====== Supplied material

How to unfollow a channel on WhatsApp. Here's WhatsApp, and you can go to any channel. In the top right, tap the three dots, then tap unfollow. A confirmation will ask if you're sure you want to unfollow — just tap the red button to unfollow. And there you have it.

============
====== Supplied material

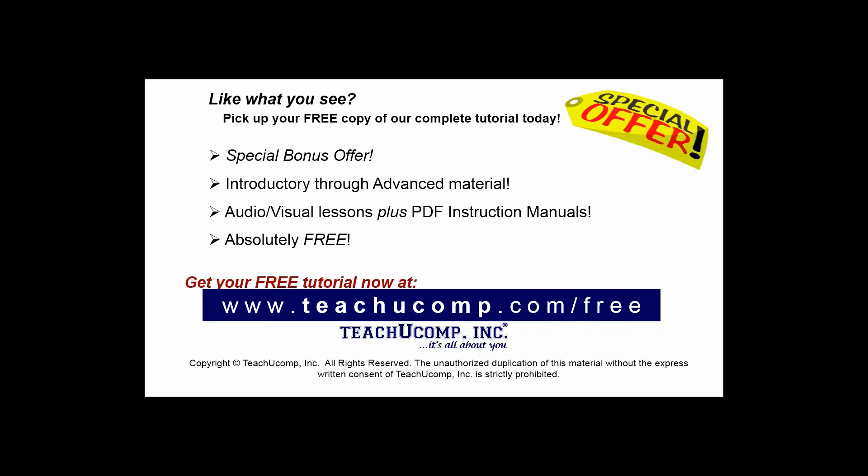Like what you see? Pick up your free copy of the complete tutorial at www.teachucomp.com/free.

============
====== Supplied material

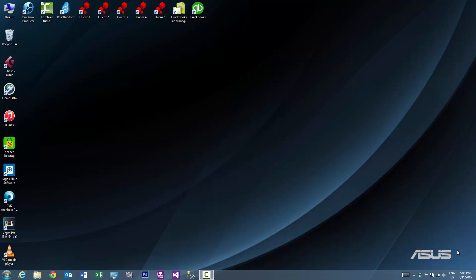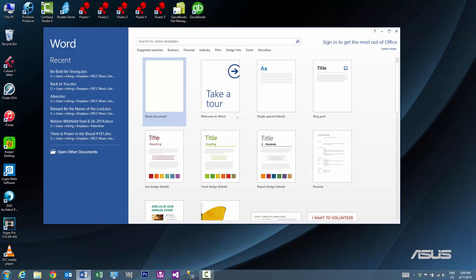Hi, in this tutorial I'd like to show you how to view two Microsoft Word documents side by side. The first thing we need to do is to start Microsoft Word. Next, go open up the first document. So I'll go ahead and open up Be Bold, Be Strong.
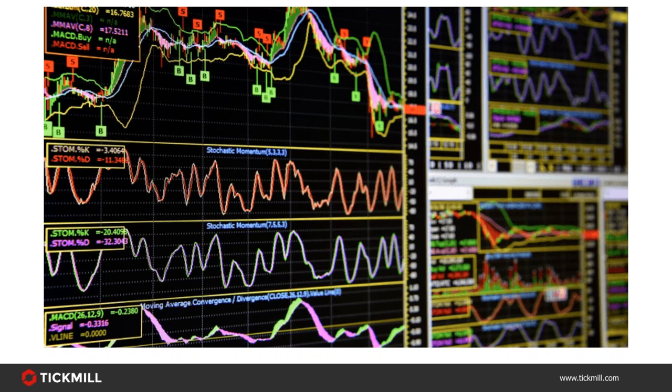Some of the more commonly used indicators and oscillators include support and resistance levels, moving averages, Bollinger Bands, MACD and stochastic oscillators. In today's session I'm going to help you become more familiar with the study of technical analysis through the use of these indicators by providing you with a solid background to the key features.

============

» What the task asks: Repeat exactly the lines above, from the line that contains "Hi, in this" down through the line that contains "Some of the". Include both of those lines and none of the pictures.

» Result below:
Hi, in this tutorial I'd like to show you how to view two Microsoft Word documents side by side. The first thing we need to do is to start Microsoft Word. Next, go open up the first document. So I'll go ahead and open up Be Bold, Be Strong.
Some of the more commonly used indicators and oscillators include support and resistance levels, moving averages, Bollinger Bands, MACD and stochastic oscillators. In today's session I'm going to help you become more familiar with the study of technical analysis through the use of these indicators by providing you with a solid background to the key features.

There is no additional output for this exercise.